El territorio madrileño contaba con una localización estratégica al estar situado entre los grandes caminos peninsulares, aquellos que venían funcionando desde tiempos romanos y que comunicaban Aragón con Extremadura, Levante, con Castilla y Andalucía, con el norte.
Los historiadores defienden que el traslado no fue caprichoso ni improvisado y, posiblemente, formara parte de un plan claramente renacentista de Felipe II quien, el 3 de junio de 1561, junto con los Reales Consejos y el Registro del Sello Real se establecieron en Madrid tras preparar la villa para que fuera corte.
La primera y más urgente preocupación del municipio fue abastecer de harina y carne a la población, tanto a la residente como a la que se traslada con la Corte. El Concejo, respaldado por la Corona, comenzó a elaborar ambiciosos proyectos que perseguían la modificación total de la ciudad. Para ello, se elaboró un plan, al frente del que se puso al arquitecto Juan Bautista de Toledo, hecho venir desde Italia por Felipe II.
Si este plan se hubiese llevado a cabo en poco tiempo, se habría producido una transformación urbanística homogénea y coherente, pero se desarrolló muy lentamente y entre dificultades urbanas, sociales y económicas, por lo que los valores de las reformas quedaron muy menguados y empobrecidos.
Uno de los mayores responsables de este fracaso fue la Corona que, tras haber espoleado la reforma, se fue desentendiendo de ella, cargando todo el peso de los proyectos sobre el Ayuntamiento.
Comenzaron entonces a proliferar las llamadas ‘casas a la malicia’, llamadas así por mostrar a la calle una sola planta mientras que, en su lado opuesto, tenían dos para librarse de la obligación legal, establecida en la famosa «Regalía de Aposento», de albergar personal cortesano si la casa tenía más de una planta.

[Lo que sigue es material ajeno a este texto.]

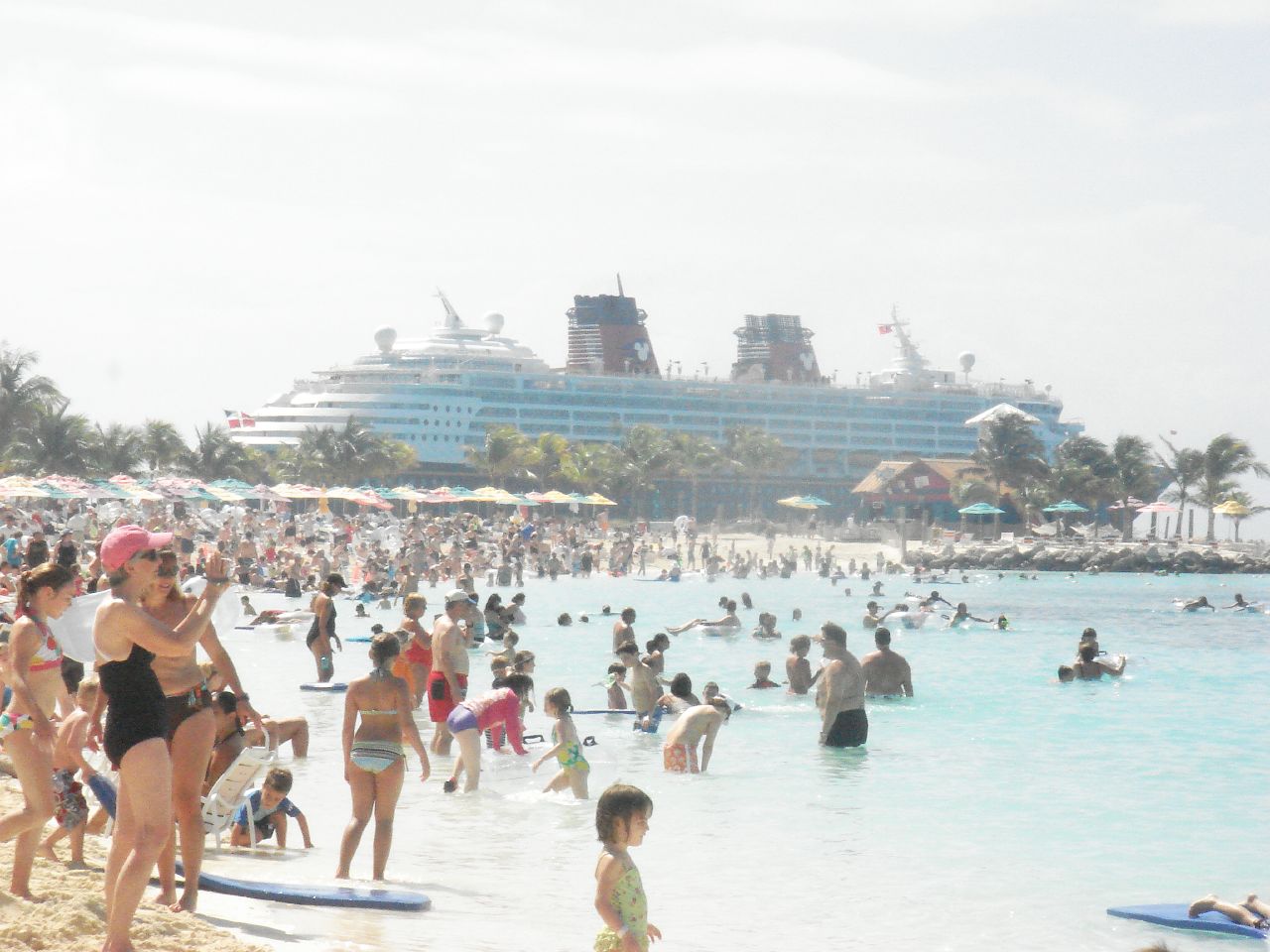 A family beach area at Disney's Castaway Cay with soft sand and calm water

Además, pecheros, servidores, campesinos, soldados y mutilados de guerra llegaron a la nueva corte en busca de trabajo o pensiones, lo que supuso pasar de los 10.000 o 20.000 habitantes de la ciudad en 1561, a 35.000 ó 45.000 en 1575. A finales de siglo, fallecido ya Felipe II, la cifra se situó en 100.000.
Otra consecuencia negativa de la nueva condición que vivía Madrid fue la limpieza y el aspecto de sus calles, que degeneró pronto convirtiendo a Madrid, antes de 1600, en la capital más sucia de Europa.